This repository provides language bindings for the BINSEQ library, a high-performance Rust library for working with fixed-length DNA sequences in the BINSEQ (.bq) file format.
Currently supported bindings:
- C bindings via FFI
- C++ bindings via CXX
Prerequisites:
cargo
- Rust's package manager- C/C++ compiler (gcc, clang, or MSVC)

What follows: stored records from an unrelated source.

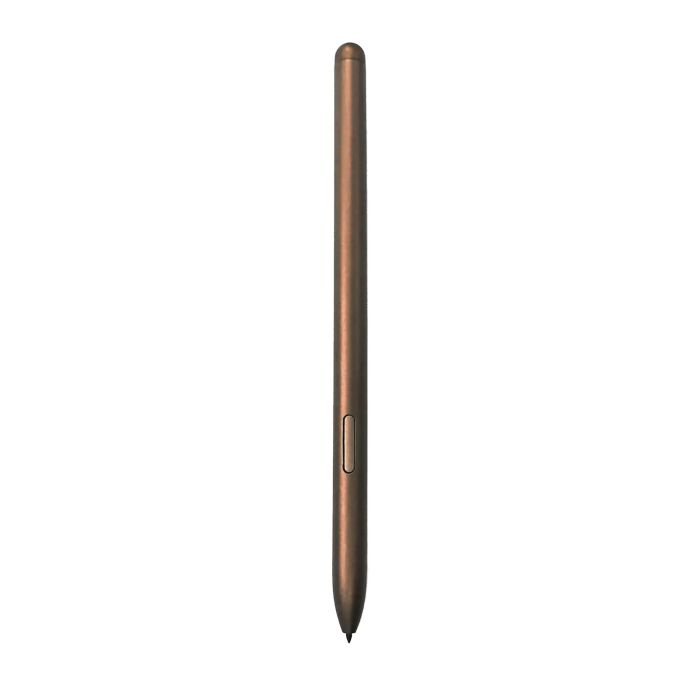 Eingabestift für Galaxy Tab S8 (2022) (X700/ X706) (Pink Gold)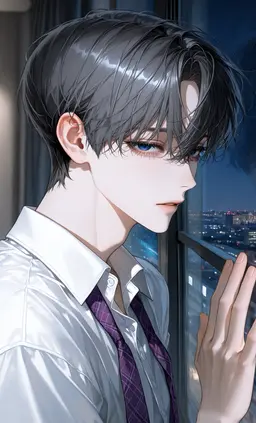Profile image of 타카오미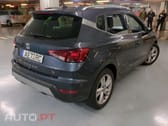 Seat Arona 1.0 TSI FR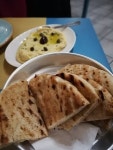 Delogo un mare di bontà - Ristorante Greco Delogo, 볼로냐 사진 - 트립어드바이저
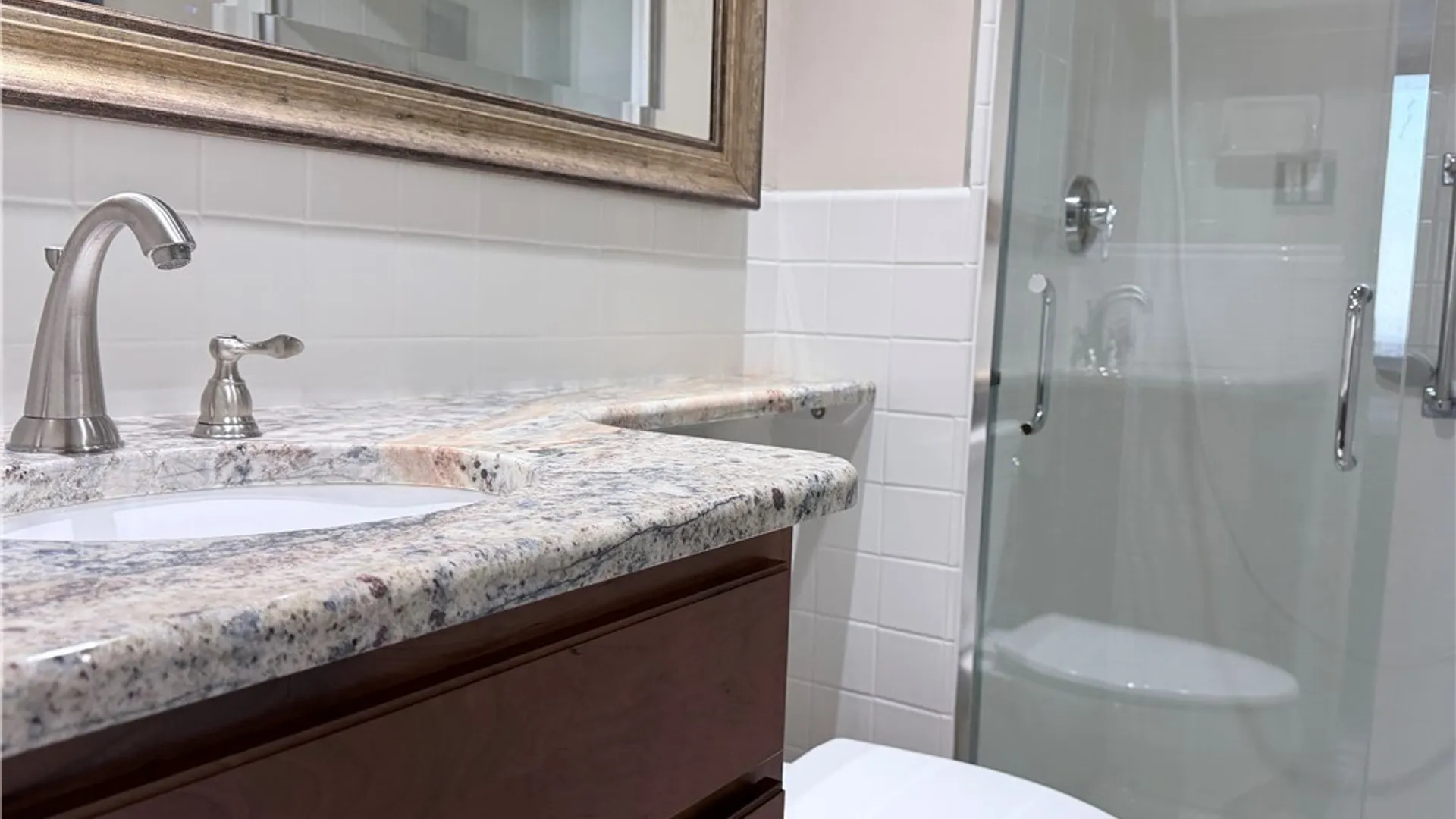 Property at 1088 Delaware Avenue, Buffalo, NY 14209 16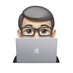 Richard Li (@richardlichen) Twitter profile photo Richard Li (@richardlichen) Twitter profile photo
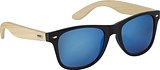 Sonnenbrille Aningauna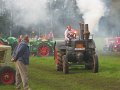 IMG_1999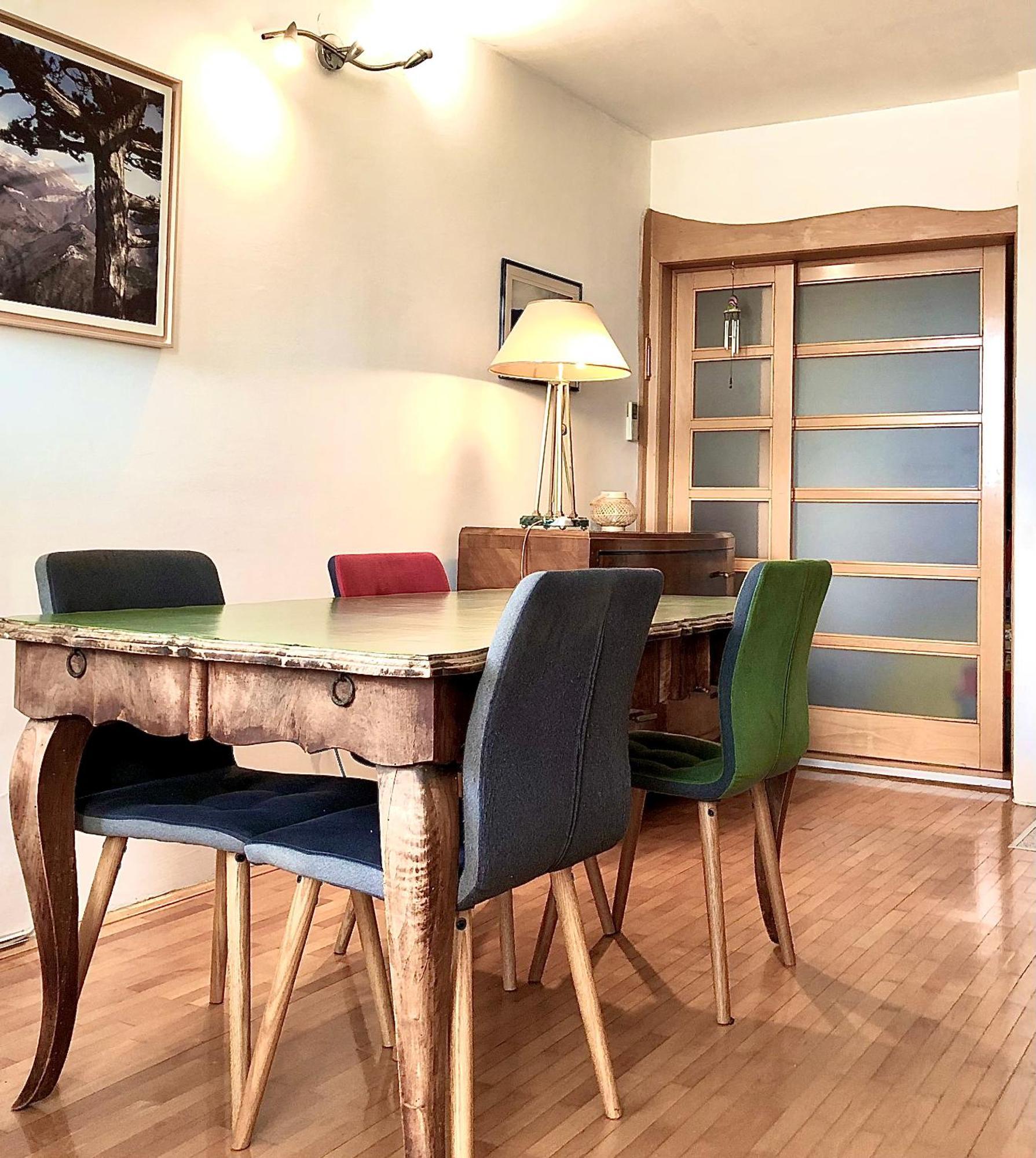 Ferienwohnung Seaview Zadar Exterior foto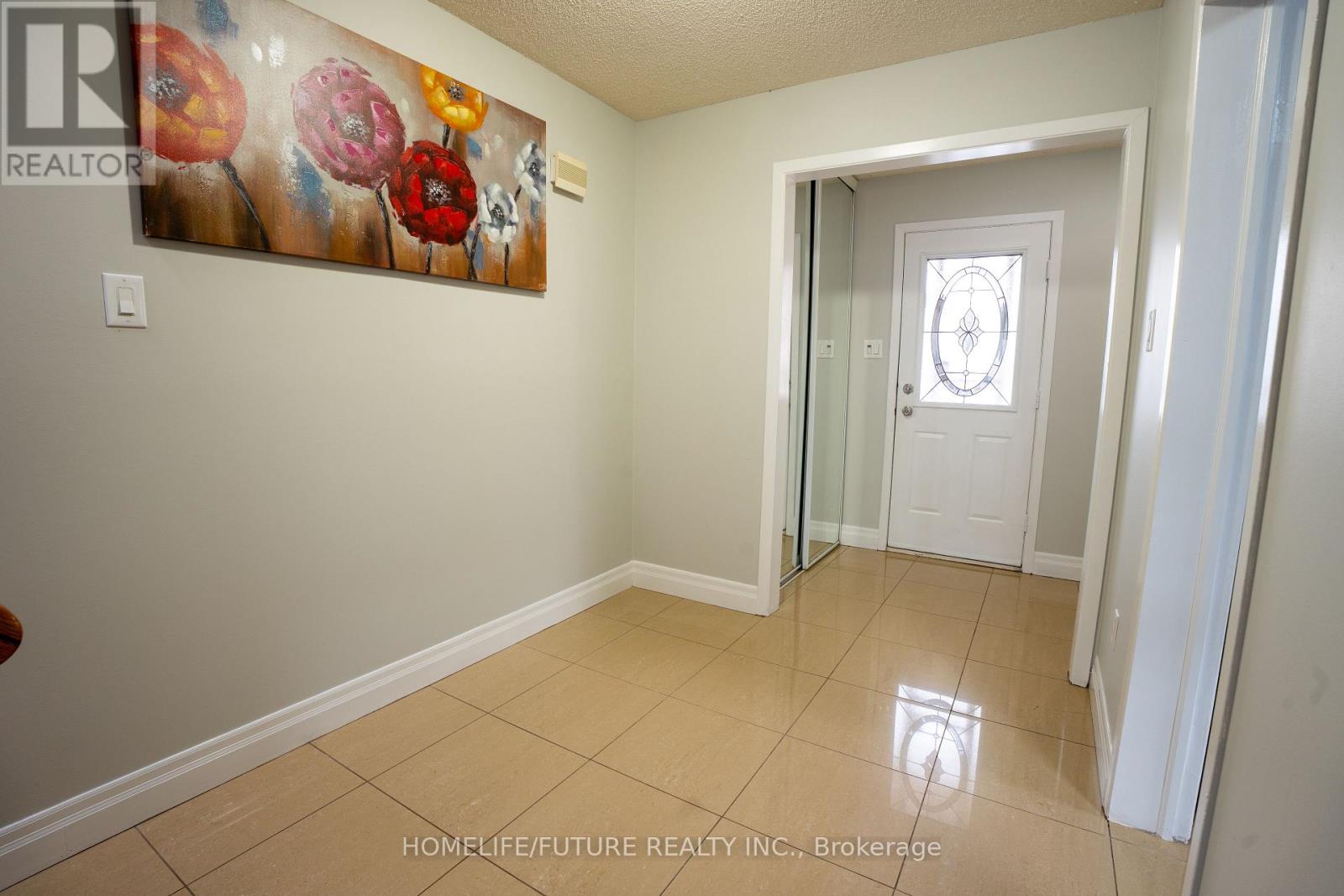 25 SHADY HOLLOW DRIVE - photo 3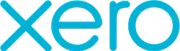 xero logo final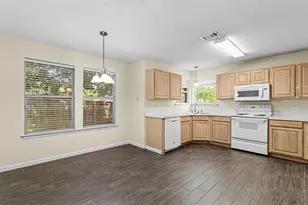 412 Dakota Dr, Joshua, TX 76058 - Photo 6
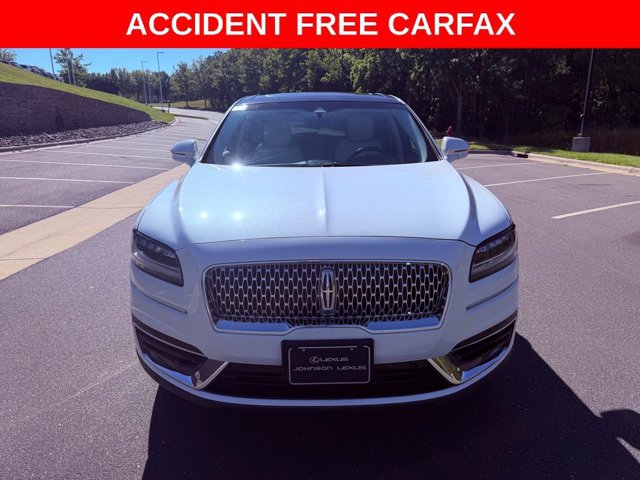 2LMPJ9JP5LBL35463
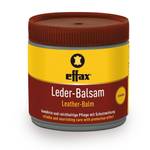 Effax Leder-Balsam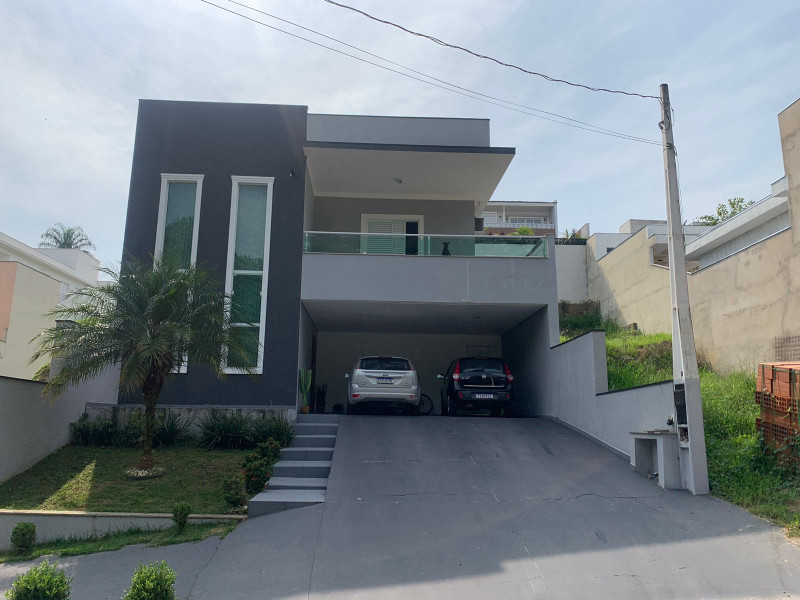 Casa à venda Jardim Gramados de Sorocaba com 300m² e 3 quartos por R$ 1.060.000 - 1769218909-inbound6695911409923948540.jpg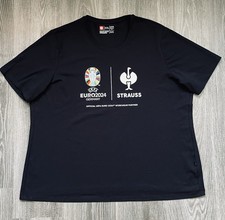Engelbert strauss euro gebraucht kaufen  Lauingen (Donau)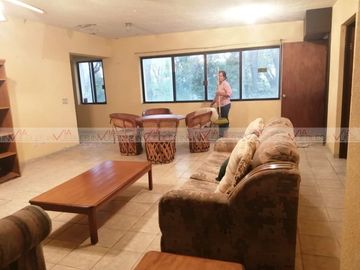 Quinta, Rancho, Hacienda En Venta En Garcia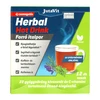 JutaVit Herbal Hot Drink Felnőtt 12db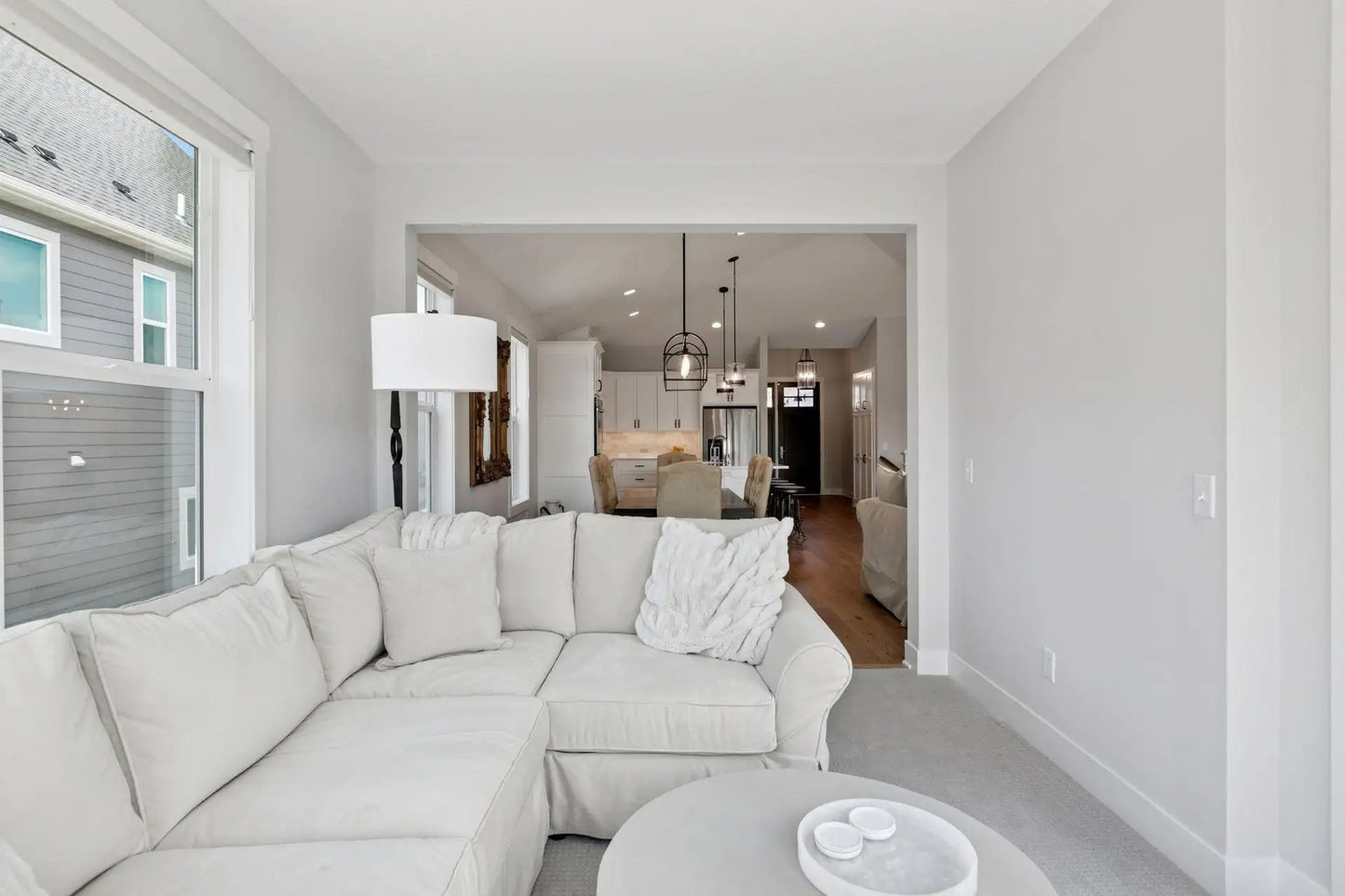 12601 Surrey Street, Eden Prairie, MN 55347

- Make (for building examples)
- Clone the repository:
git clone github.com:arcinstitute/binseq-bindings.git
cd binseq-bindings
- Compile the Rust libraries:
cargo build --release
The compiled libraries will be available at:
- C bindings:
./target/release/libbinseq.so
(Linux) or./target/release/libbinseq.dylib
(macOS) - C++ bindings:
./target/release/libbinseq_cxx.a
(static library)
Headers will be auto-generated at:
- C header:
./binseq-c/binseq.h
- C++ header:
./target/cxxbridge/binseq-cxx/src/lib.rs.h
The C bindings provide a simple, C-compatible API for working with BINSEQ files.
cd binseq-c/examples/
make
./simple_example <path_to_file>.bq
// Create a reader
struct BinseqReader *reader = binseq_reader_open("sequence.bq");
// Get file info
size_t num_records = binseq_reader_num_records(reader);
uint32_t seq_len = binseq_reader_slen(reader);
// Create decoding context and record container
struct BinseqContext *ctx = binseq_context_new();
struct BinseqRecord *record = binseq_record_new();
// Process records
for (size_t i = 0; i < num_records; i++) {
binseq_reader_get_record(reader, i, record);
// Decode sequence
size_t len = binseq_record_decode_primary(record, ctx);
// Access sequence data
const char *seq = binseq_context_primary_ptr(ctx);
// Process sequence...
}
// Cleanup
binseq_record_free(record);
binseq_context_free(ctx);
binseq_reader_close(reader);
The C++ bindings provide a more idiomatic C++ API with better type safety.
cd binseq-cxx/examples/
make
./simple_example <path_to_file>.bq
#include "rust/cxx.h"
#include "binseq-cxx/src/lib.rs.h"
// Open a reader
auto reader = open_mmap_reader("sequence.bq");
// Get file info
size_t num_records = reader->num_records();
uint32_t slen = reader->get_slen();
// Create buffer for sequence data
rust::Vec<uint8_t> sbuf;
// Process records
for (size_t i = 0; i < num_records; i++) {
auto record = reader->get_record(i);
// Decode sequence
sbuf.clear();
record->decode_s(sbuf);
// Convert to string if needed
std::string seq_str(sbuf.begin(), sbuf.end());
// Process sequence...
}
You can use bqtools
to encode FASTA or FASTQ files into BINSEQ.
# Encode into BINSEQ
bqtools encode <fastq> -o <output>.bq
# Decode from BINSEQ into FASTQ
bqtools decode <binseq> -fq -o <fastq>
BINSEQ is built for paired records and encodes them both into a single file:
# Encode record pairs into BINSEQ
bqtools encode <R1> <R2> -o <output>.bq
BINSEQ (.bq) is a binary file format designed for efficient storage of fixed-length DNA sequences. It uses 2-bit encoding for nucleotides (A=00, C=01, G=10, T=11) and focuses exclusively on sequence data, optimizing for modern high-throughput sequencing applications.
For more details on the BINSEQ format, see the original BINSEQ documentation.
The BINSEQ format and these bindings are designed for high-performance processing of sequence data. Performance benchmarks can be run with the included examples.